Ohne Happy End

So hätte das neue Kino in Peiting ausschauen sollen. Grafik: PEIT

Der Traum vom neuen Kino in Peiting ist ausgeträumt – zumindest vorerst. Wie erst jetzt bekannt wurde, ist der Planer des Multiplex bereits Ende März vom Projekt abgesprungen, nachdem er keinen Betreiber hatte finden können. Für Bürgermeister Michael Asam war die Nachricht ein Schock. Der Ärger über den überraschenden Rückzug sitzt immer noch tief.

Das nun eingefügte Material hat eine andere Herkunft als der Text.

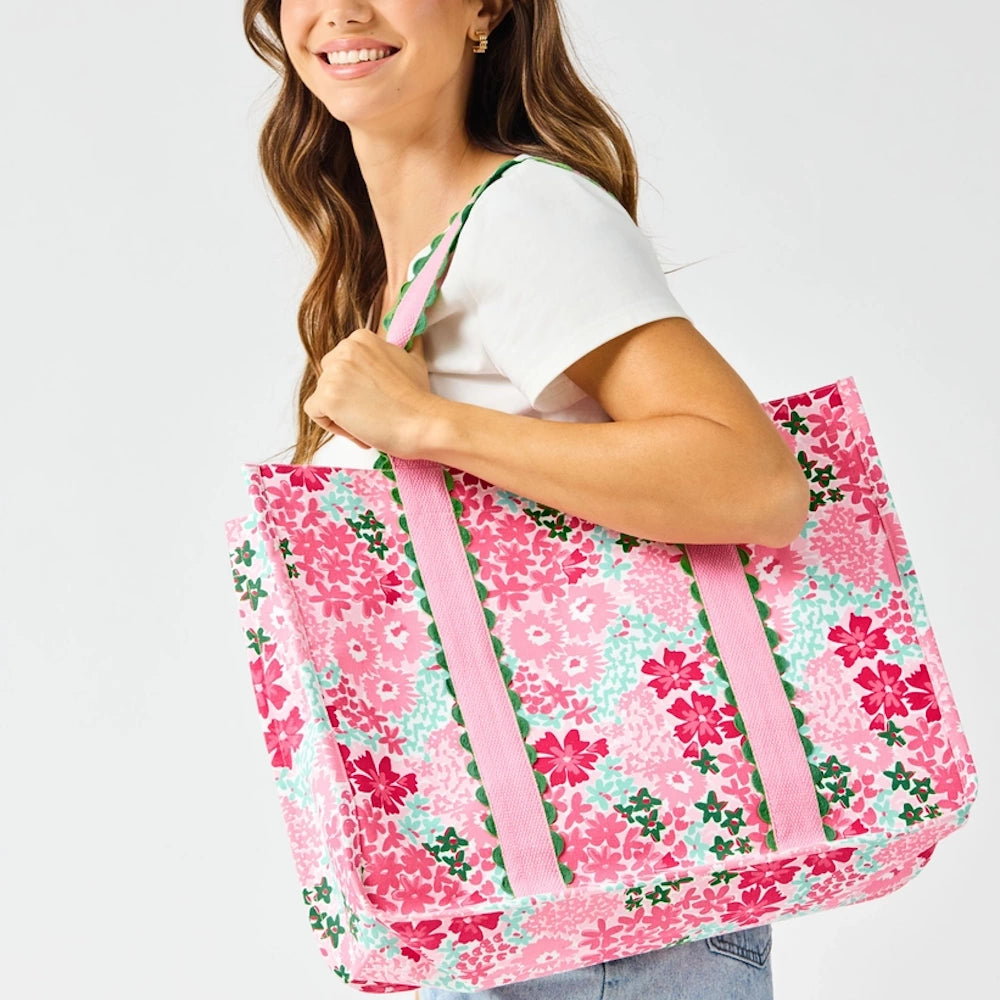 A woman carries a large, pink floral tote bag with green scalloped trim and pink straps over her shoulder.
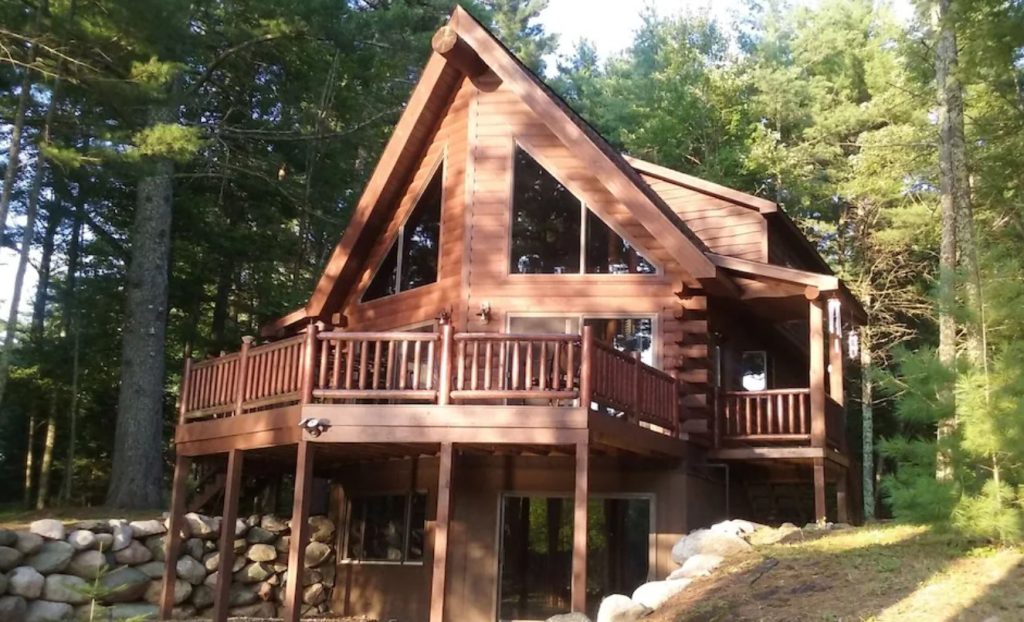 Luxury log cabin with A-frame roof, large wooden balcony, large glass windows, propped up by wooden beams .Green tees in background.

Wenn Asam auf das Thema angesprochen wird, brodelt es in ihm. Denn eigentlich hatte alles so gut ausgesehen. Im Juli vergangenen Jahres hatte der beauftragte Planer aus Karlsfeld den Kaufvertrag für das 10000 Quadratmeter große Gelände im Gewerbegebiet unterschrieben. Ursprünglich hatte UPM das insgesamt 30000 Quadratmeter große Grundstück komplett verkaufen wollen, „uns zuliebe haben sie es dann doch aufgeteilt“, erklärt der Bürgermeister. Der Investor stand parat, wenig später wurden im Bauausschuss die ersten Pläne für ein Kino mit vier Sälen präsentiert. „In einem Jahr könnten wir schon im Kino sitzen“, jubelte Asam damals, nicht ahnend, dass das Projekt nur wenige Monate später vor dem Aus stehen würde. Bis Ende März 2012, so stand es im Vertrag, musste die Gemeinde den geänderten Bebauungsplan fertigstellen. „Das haben wir erfüllt, Anfang März war alles fertig“, blickt das Gemeindeoberhaupt zurück. Womit die Marktgemeinde allerdings nicht rechnen konnte, war, dass der Planer seinen Teil der Vereinbarung nicht einhalten würde. Ende März trudelte ein Schreiben von UPM bei Asam ein. Darin teilte das Unternehmen mit, dass der Kaufvertrag aufgelöst wurde, weil der Planer anders als vereinbart keinen Betreiber für das Kino präsentieren konnte. „Ein Blender“ sei der Planer gewesen, sagt Asam heute zornig. „Solchen Leuten gehört das Handwerk gelegt.“ Empfohlen hatte ihn im übrigen der Hotel- und Gaststättenverband. Mehr, als sich darüber gehörig ärgern, bleibt dem Bürgermeister nicht. „Wir können das Kino ja nicht selber bauen.“ Seine einzige Hoffnung ist nun, dass der Investor einen fähigen neuen Planer findet, der das Projekt doch noch umsetzt. Dass der Geldgeber am Ball bleiben will, habe dieser ihm im persönlichen Gespräch versichert, so Asam. Vielleicht gibt es ja doch noch ein Happy End.